YOUR GOAL:
In your copy of the data, omit the pictures and keep all else exactly as given.

Phrase grounding data:
----

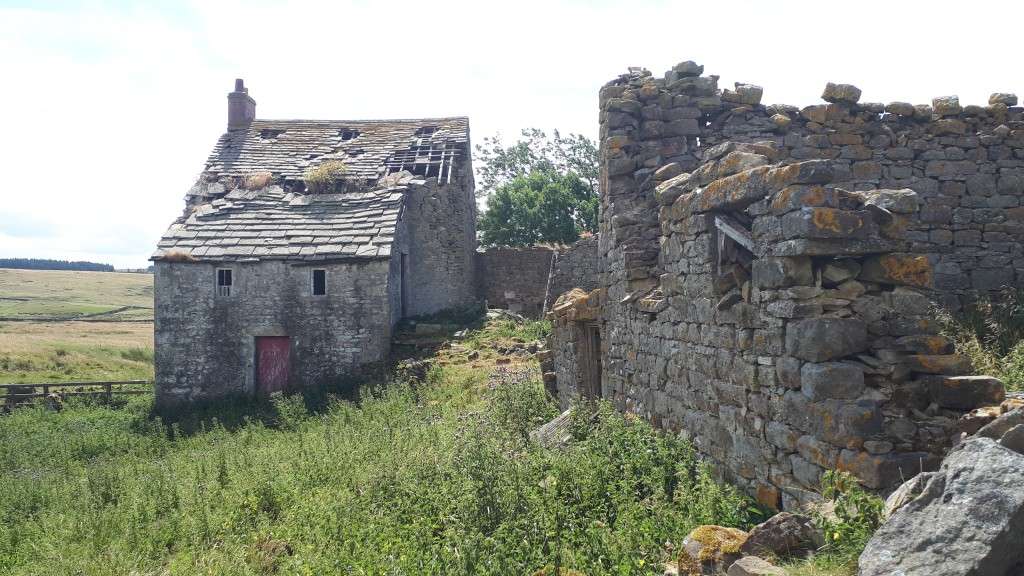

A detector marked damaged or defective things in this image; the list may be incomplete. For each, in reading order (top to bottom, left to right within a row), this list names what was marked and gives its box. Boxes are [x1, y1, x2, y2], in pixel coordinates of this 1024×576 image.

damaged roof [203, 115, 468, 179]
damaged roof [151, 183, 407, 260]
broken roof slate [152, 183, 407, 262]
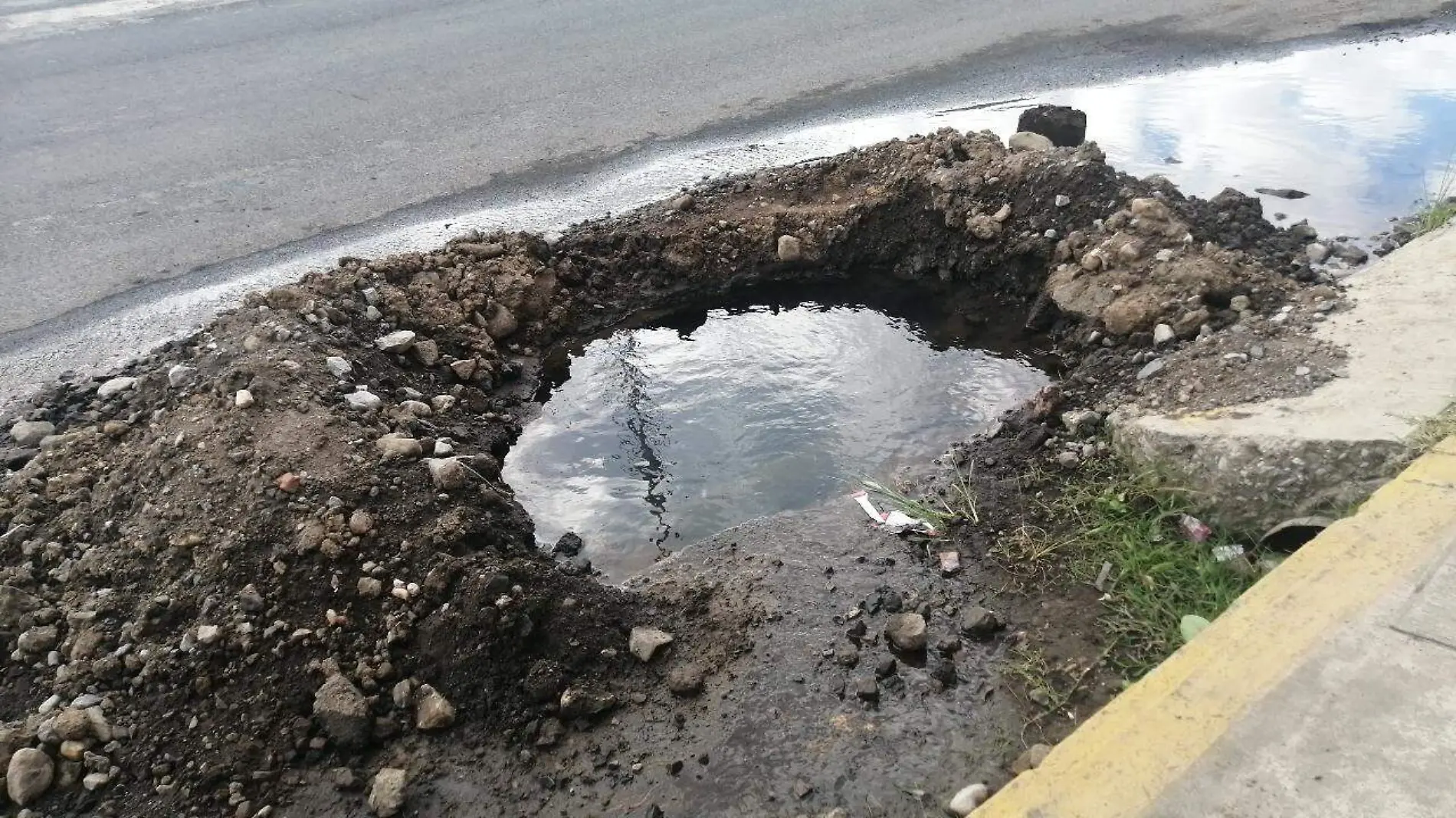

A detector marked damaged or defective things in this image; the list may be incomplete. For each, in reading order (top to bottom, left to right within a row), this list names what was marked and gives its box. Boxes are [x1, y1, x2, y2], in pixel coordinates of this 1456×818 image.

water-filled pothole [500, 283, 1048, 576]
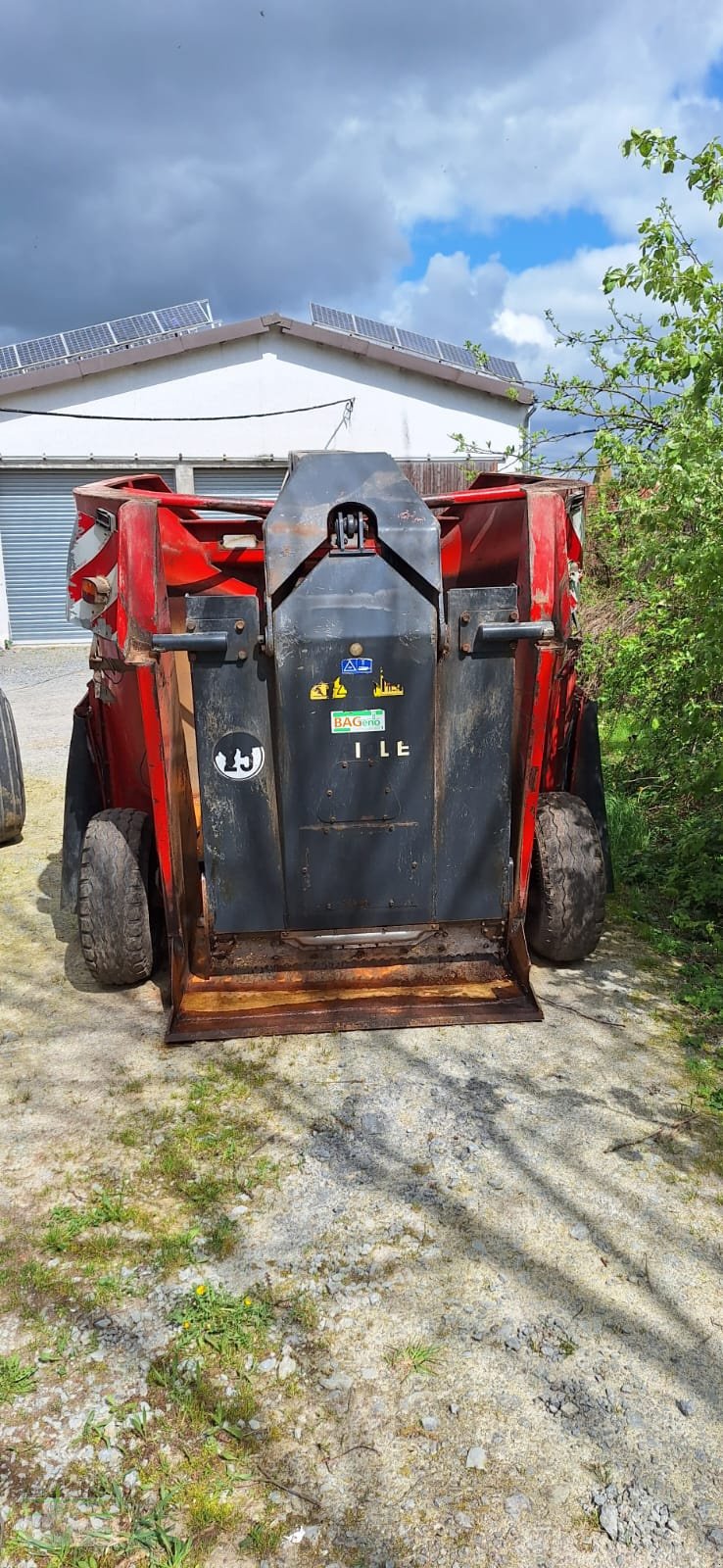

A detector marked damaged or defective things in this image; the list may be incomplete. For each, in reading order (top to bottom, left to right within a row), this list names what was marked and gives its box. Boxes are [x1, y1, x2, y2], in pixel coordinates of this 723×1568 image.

----

REPLY:
A detector marked damaged or defective things in this image; the list may be incomplete. For each, in reading order (top to bottom, left to right within a row), this list names what was marked and gives its box. Boxes are [x1, y1, x2, y2], in pixel coordinates of this 1024×576 image.

damaged roof [203, 115, 468, 179]
damaged roof [151, 183, 407, 260]
broken roof slate [152, 183, 407, 262]

A detector marked damaged or defective things in this image; the list may be incomplete. For each, in reading order (top to bottom, left to right within a row), this list names what was marked and gives its box. Boxes are [x1, y1, x2, y2], in pixel coordinates of this 1456×818 image.

water-filled pothole [500, 283, 1048, 576]

A detector marked damaged or defective things in this image; the list may be incomplete. For each, in reading order (top to bottom, left to right within a row), this list names what was marked and gives its box. Boxes are [x1, y1, x2, y2], in pixel coordinates of this 723×1568 image.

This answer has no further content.